Em um caderno de anotações, os estudantes registram todos os livros que já leram no decorrer de dois anos, o que ultrapassa a quantidade de 300 para cada um. Dentre os conteúdos lidos, estão cerca de 120 quadrinhos, 70 exemplares menores, como os livros de bolso, além de obras maiores, como “Harry Potter e a Pedra Filosofal”, da britânica J. K. Rowling.
“Nos identificamos com o personagem Harry, porque ele é muito inteligente, mas também é tímido. Outro personagem que gostamos muito é o Rony, admiramos a lealdade dele”, fala Wesley. Segundo ele, esse é o livro preferido dos dois irmãos.
Atualmente, para conseguir conciliar os livros com os estudos e o tempo de brincar, os gêmeos têm horários definidos para realizar cada tarefa. Todos os dias da semana, na parte da manhã, os meninos vão até o Galpão ZL e dedicam duas horas à leitura. Depois voltam para casa e seguem para a escola.
“Também somos apaixonados pelo universo geek. Nossos super-heróis prediletos são o Batman, o Super-Homem e o Homem-Aranha. Mergulhamos a fundo e gostamos de ver como a história é apresentada em diversos formatos, tanto no quadrinho quanto no cinema”, complementa.
“Gostamos de ir para a biblioteca por ser um universo de muitos livros para empréstimos gratuitos e também silêncio, além das amizades que formamos por lá”
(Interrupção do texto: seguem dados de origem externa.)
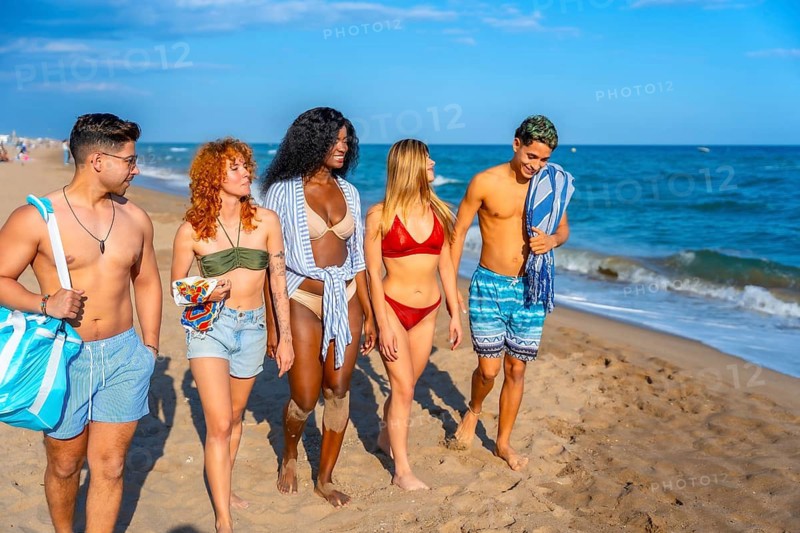 Multi ethnic group of friends walking along the beach, soaking up the sun and enjoying their summer vacation filled with laughter and joy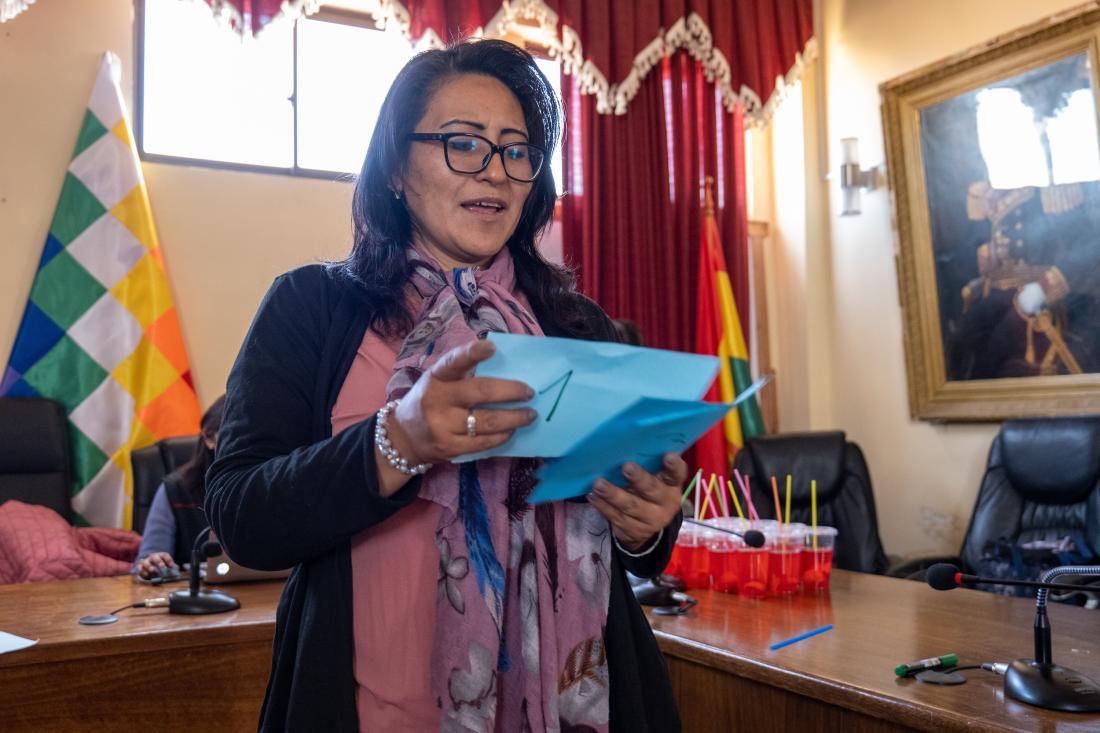 An OTB president reads from paper and explains public good provision in Bolivia.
Pablo Barreto, morador do Jardim Lapena
Segundo os leitores, o hábito também passou a ajudá-los nas matérias da escola. “A leitura nos ajudou com atividades de interpretação de texto, português, história, geografia e também biologia”, comenta Wesley.
Apesar da quantidade de livros lidos e de terem considerado “a melhor sensação de terem descoberto esse universo”, os dois explicam que não fixaram uma meta em número a ser batida em 2023. De acordo com os dois, o objetivo é continuar lendo por paixão.
Para o futuro, os irmãos acreditam que a leitura contribuirá para o desenvolvimento profissional e acadêmico. “Queremos trilhar o caminho da tecnologia, com [o curso de] sistemas de informação, ou da área da saúde, com medicina”, finaliza Pablo.